Le temps de la nature est infini, tandis que le temps du monde est infiniment périodique. Néanmoins, ils ont aussi une caractéristique importante en commun : ils sont indépendants de nous. Cette notion de l’indépendance du temps, je l’ai mentionnée pour la première fois dans Orientation philosophique, en citant une lettre de Benjamin Constant : « Le sentiment profond et constant de la brièveté de la vie me fait tomber le livre ou la plume des mains toutes les fois que j’étudie… De sorte que je passe ma vie dans une pénible et inquiète paresse… Toutes nos poursuites, tous nos efforts, tout ce que nous tentons, faisons, changeons, ne sont que des jeux de quelques moments… Le temps indépendant de nous va d’un pas égal et nous entraîne également, soit que nous dormions ou veillions, agissions ou nous tenions dans une inaction totale… » Le temps de la nature, comme le temps du monde, est ce que nous ne pouvons arrêter, ce qui fait que nous sommes emportés vers la mort. C’est pourquoi un autre présocratique, Héraclite, parle du temps comme de ce qui habite le destin, c’est-à-dire comme étant ce qui nous amène d’une manière absolument fatale à la mort.

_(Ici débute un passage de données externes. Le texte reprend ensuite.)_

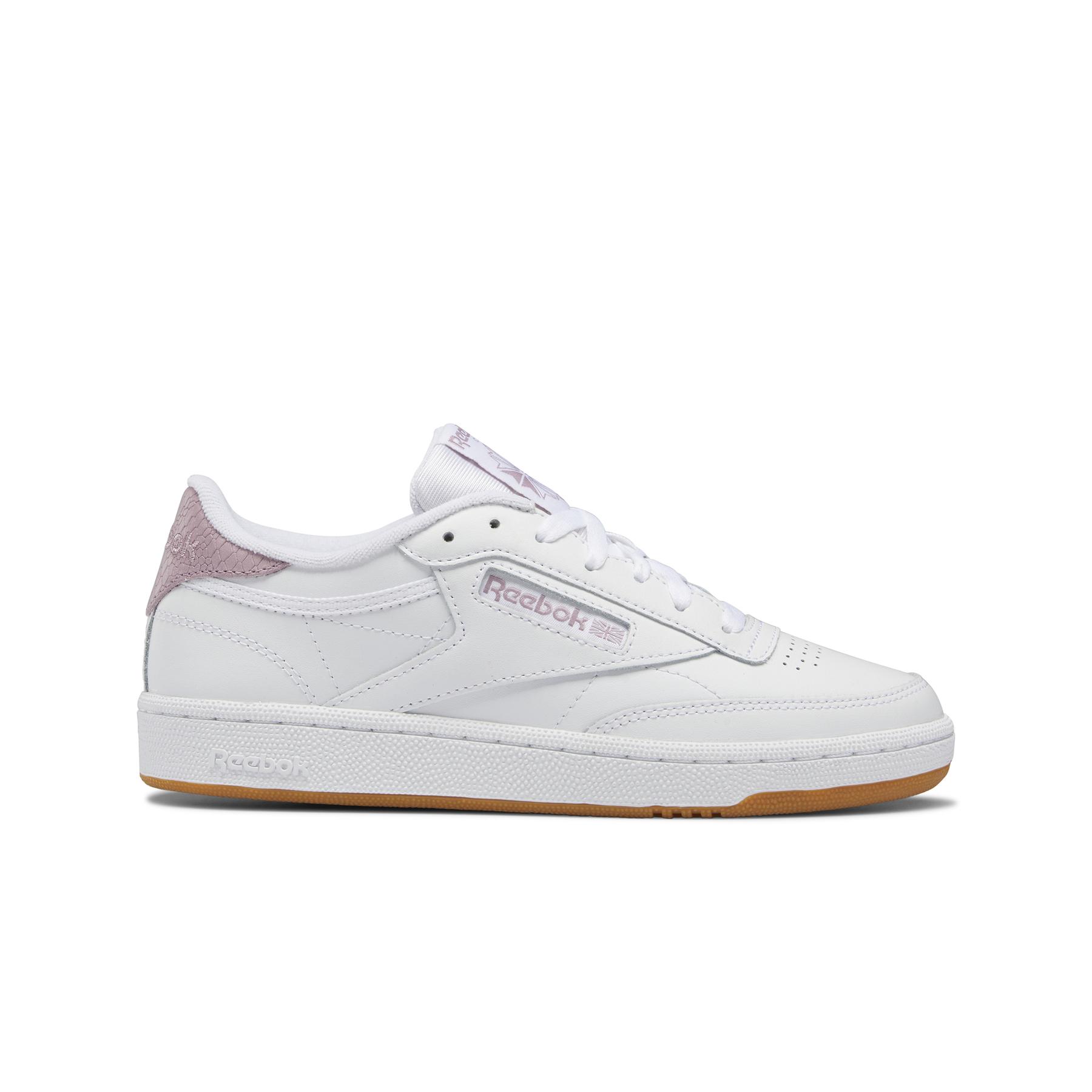 product/r/e/reebok_gv6979_1_footwear_photography_side_lateral_center_view_white_000.jpg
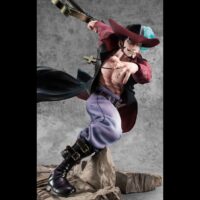 Descubre el apasionante mundo de Figura One Piece Dracule Mihawk.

Emmanuel Kant a tort, à mes yeux, de dire que le temps siège à l’intérieur de l’homme, qu’il est une forme de l’entendement humain, que l’homme ne fait que se représenter les phénomènes selon la succession du temps, car cette théorie ne rend pas compte de l’expérience fondamentale de l’indépendance du temps, laquelle est liée à la conscience de la mort.